● MATERIAL PROVIDED
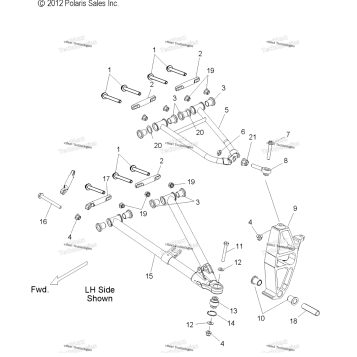 SUSPENSION, CONTROL ARMS & SPINDLE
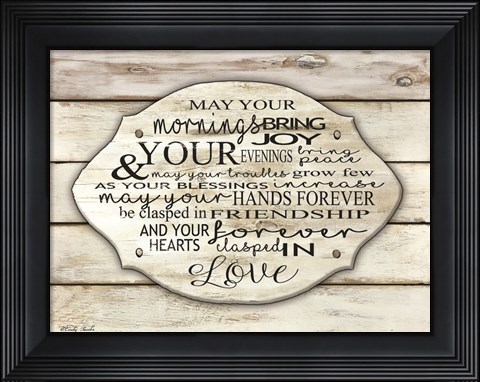 Framed May Your Morning Bring Joy Print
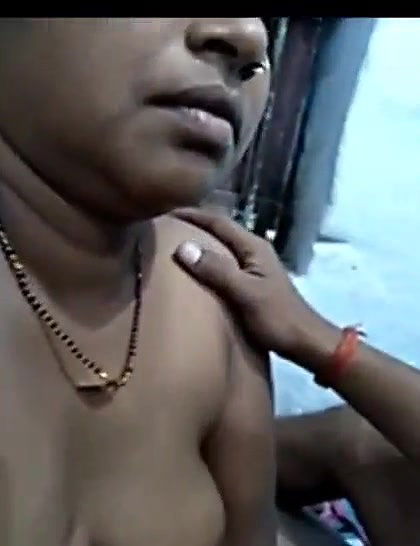 boob pressinf by hubby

● ACTIVITY
Here the job is to print all the data exactly, skipping any image.

● ANSWER TO THE PROBLEM
 SUSPENSION, CONTROL ARMS & SPINDLE
 Framed May Your Morning Bring Joy Print
 boob pressinf by hubby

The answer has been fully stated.